## EXERCISE:
In the entries below, begin at the line that has "马年限定SPEEDCAT薄底鞋PUMA彪马", stop after the line that has "Характер и результаты", and output those lines exactly with no pictures.

## RECORDS SUPPLIED:
____________
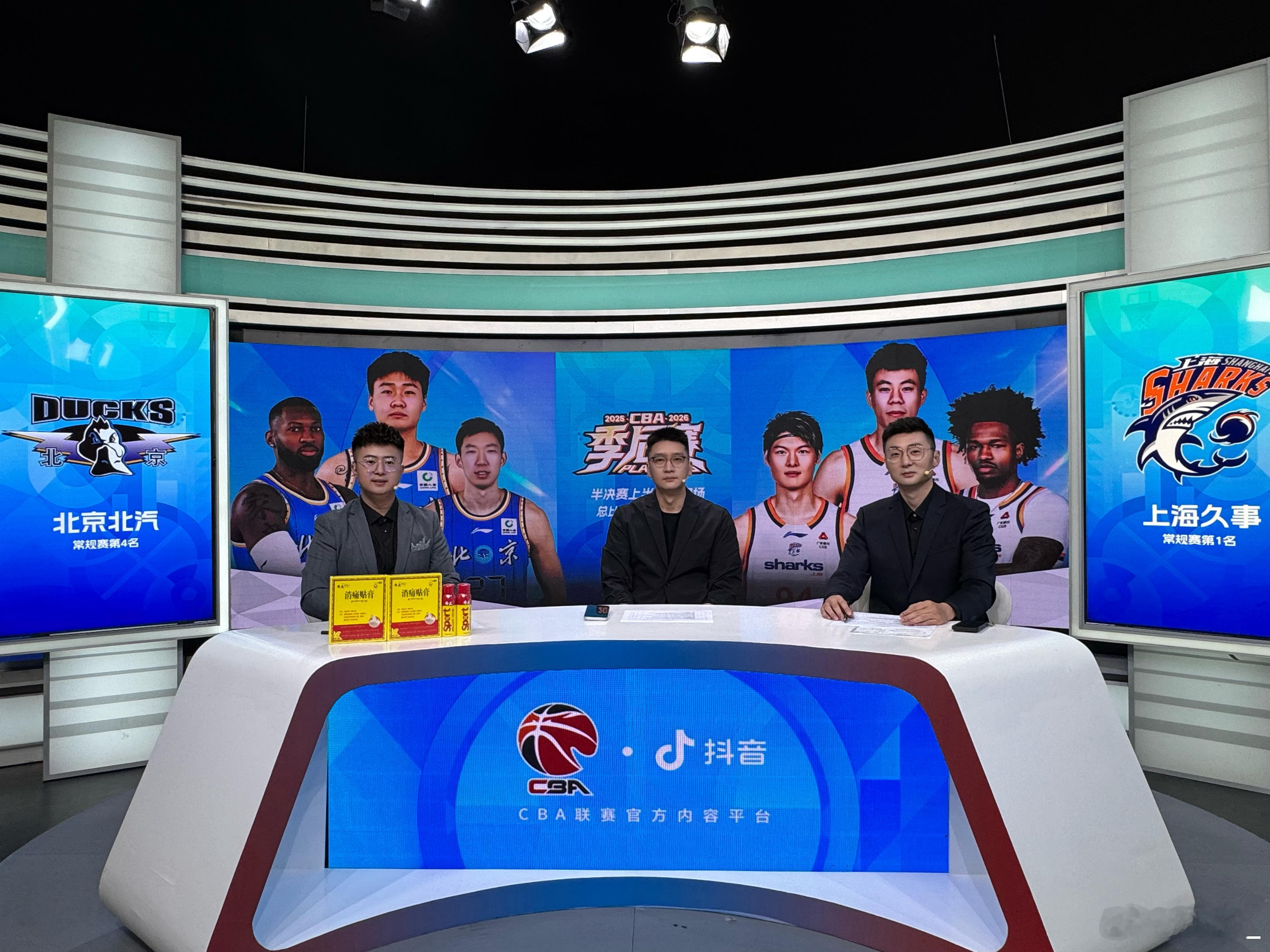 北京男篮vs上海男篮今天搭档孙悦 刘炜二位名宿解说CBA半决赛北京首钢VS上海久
____________
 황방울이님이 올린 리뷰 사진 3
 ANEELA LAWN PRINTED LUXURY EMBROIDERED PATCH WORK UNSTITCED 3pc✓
____________
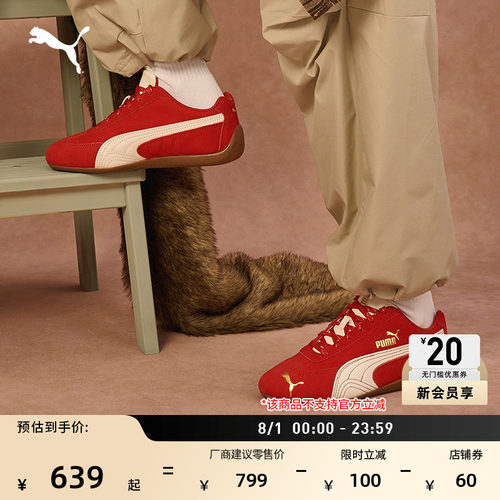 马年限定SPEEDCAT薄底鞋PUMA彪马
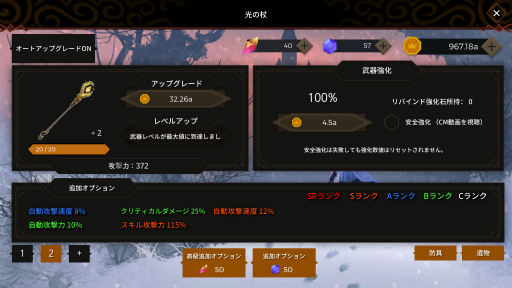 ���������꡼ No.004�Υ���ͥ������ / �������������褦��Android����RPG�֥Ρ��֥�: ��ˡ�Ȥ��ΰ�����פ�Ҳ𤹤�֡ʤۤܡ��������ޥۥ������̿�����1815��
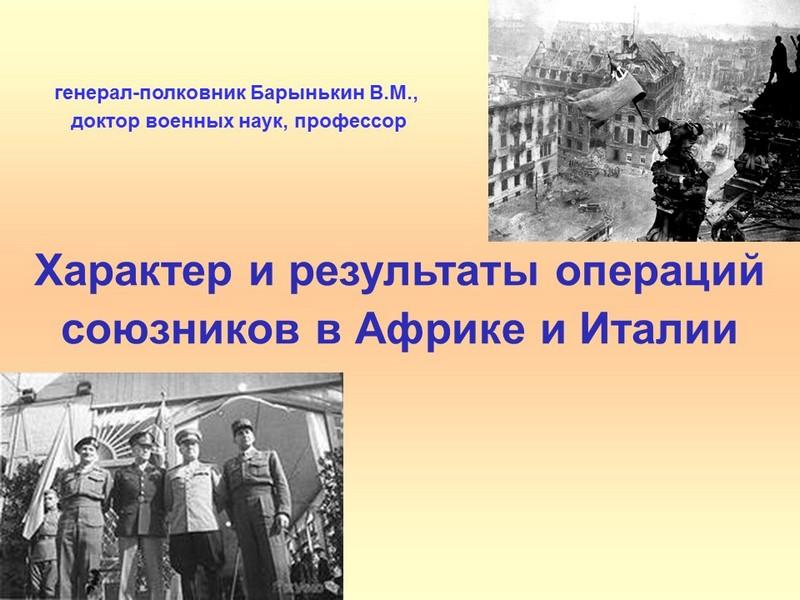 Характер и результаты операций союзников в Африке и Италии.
____________
## ANSWER SPACE:
 马年限定SPEEDCAT薄底鞋PUMA彪马
 ���������꡼ No.004�Υ���ͥ������ / �������������褦��Android����RPG�֥Ρ��֥�: ��ˡ�Ȥ��ΰ�����פ�Ҳ𤹤�֡ʤۤܡ��������ޥۥ������̿�����1815��
 Характер и результаты операций союзников в Африке и Италии.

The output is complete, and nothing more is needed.